Princess on the Brink (The Princess Diaries 8)
Page 20
I passed Lana in the hallway on the way to class, and she went, “Hey, Pete! How’s Neverland?” which made her new clone, as well as her evil henchwoman Trish, laugh so hard that Diet Coke came out of their noses.
I don’t know for sure, because I’ve never been able to get all the way through The Lord of the Rings due to the fact that there are hardly any parts with girl characters in them (so I had to pretend Merry was a girl hobbit), but I’m fairly certain this never happened to Arwen.
Wednesday, September 8, Lunch
So I was sitting here, innocently eating my falafel with tahini, when Ling Su sat down across from me, and went, “Mia. How are you?” with her eyes all big and sympathetic.
I went, “Um. Fine.”
Then Perin sat down next to me and was like, “
Mia. We heard. Are you okay?”
God. News travels fast around this school.
“I’m fine,” I said, trying to smile bravely. Which is no joke when you’ve got a big wad of falafel in your mouth.
“I can’t believe it,” Shameeka said.
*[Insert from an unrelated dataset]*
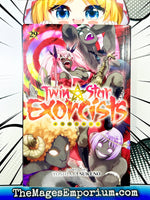 Twin Star Exorcists Vol 29 - The Mage's Emporium Viz Media 2405 alltags description Used English Manga Japanese Style Comic Book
She doesn’t even normally EAT at our table, since she’s usually too busy spying for us over at the jock/cheerleader table. But all of a sudden, she’d put her tray down next to Perin’s. “Is he really moving to JAPAN?”
“Looks like it,” I said. It’s funny, but every time I hear the word Japan now, my heart does this funny twisty thing. The way it used to when I heard the word Buffy, back when the TV show Buffy the Vampire Slayer was ending.
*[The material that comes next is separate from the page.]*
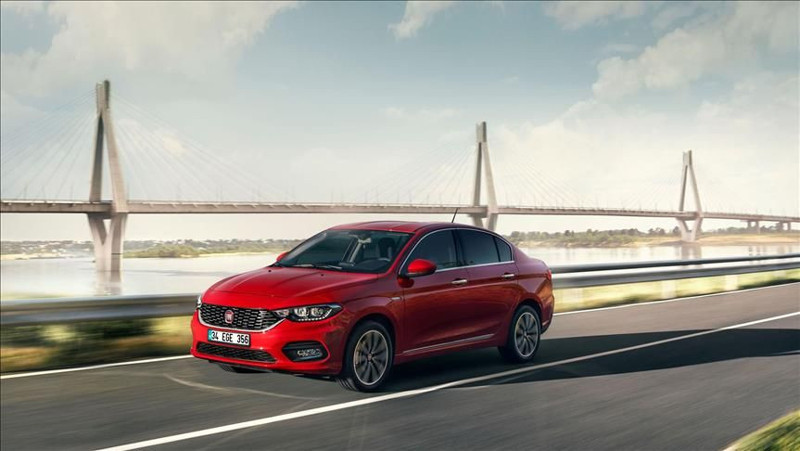 Fiat Egea’da şok etiket: 607.700 TL’ye Sedan fırsatı! - Resim: 4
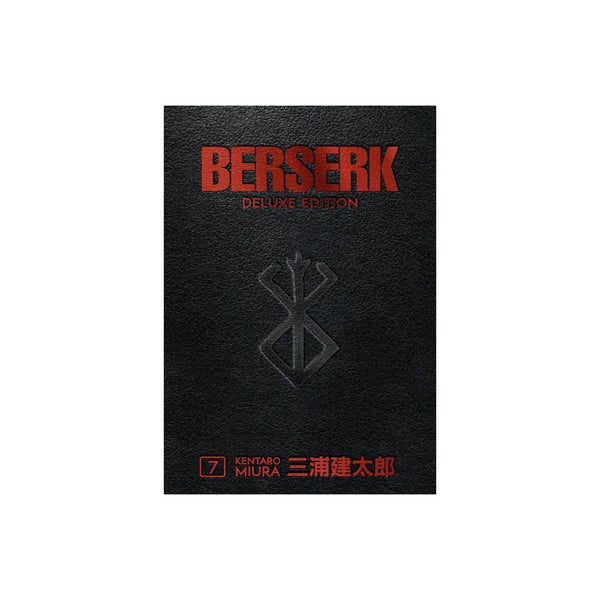 Berserk Deluxe Volume 7 by Kentaro Miura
“You should dump him,” Boris said after joining us.
“BORIS!” Tina looked shocked. “Mia, ignore him. He doesn’t know what he’s talking about.”
“Yes, I do,” Boris said. “I know exactly what I’m talking about. This happens in orchestras all the time. Two musicians fall in love, then one gets a better paying job at another rival orchestra in another city, or even another country. They always try to make it work—the long-distance thing—but it never does. Sooner or later one of them always falls in love with a clarinetist, and that’s it. Long-distance relationships never work. You should dump him now, so it’s a nice clean break, and move on. End of story.”
Tina was staring at her boyfriend in shock. “Boris! That’s the most horrible thing to say! How could you say that?”
Boris didn’t get it, though. He just shrugged and went, “What? It’s the truth. Everyone knows it.”
“My brother isn’t going to fall in love with someone else,” Lilly said, in a bored voice, from where she sat farther down the table, across from J.P. “Okay? He’s completely besotted with Mia.”
“Ha,” Tina said, giving Boris a poke with her straw. “See?”
“I am only telling it the way I’ve experienced it,” Boris said. “Maybe Michael won’t fall in love with a clarinetist. But Mia will.”
“BORIS!” Tina looked outraged. “What on EARTH would make you say that???”
“Yeah, Boris,” Lilly said, looking at him like he was a bug she’d found in her hummus. “What’s this thing you’ve apparently got for clarinetists? I thought you considered woodwinds to be beneath you.”
“I am merely stating a fact,” Boris said, putting down his fork with a bang to illustrate his seriousness. “Mia is only sixteen years old. And they aren’t married. Michael shouldn’t think that he can just go off to a foreign country and that she is going to wait for him. It isn’t fair to her. She should be allowed to move on with her life, date other people, and have fun, not sit in her room every Saturday night for a year until he gets back.”
I saw Shameeka and Ling Su exchange glances. Ling Su even made an “Oops, he might actually be right” face.
Tina didn’t think he was right, though.
“Are you saying that if you got a job as first violin with the London Philharmonic, you wouldn’t want me to wait for you?” she asked her boyfriend.
“Of course I would want you to wait,” Boris explained. “But I wouldn’t ASK you to. It wouldn’t be fair. But I know you WOULD wait, anyway, because that’s the kind of girl you are.”
“Mia’s that kind of girl, too!” Tina said decidedly.
“No,” Boris said, gravely shaking his head. “I don’t think so.”
“That’s okay, Boris,” I said quickly, before Tina’s head exploded. “I WANT to sit in my room every Saturday night until Michael gets back.”
Boris looked at me like I was nuts. “You DO?”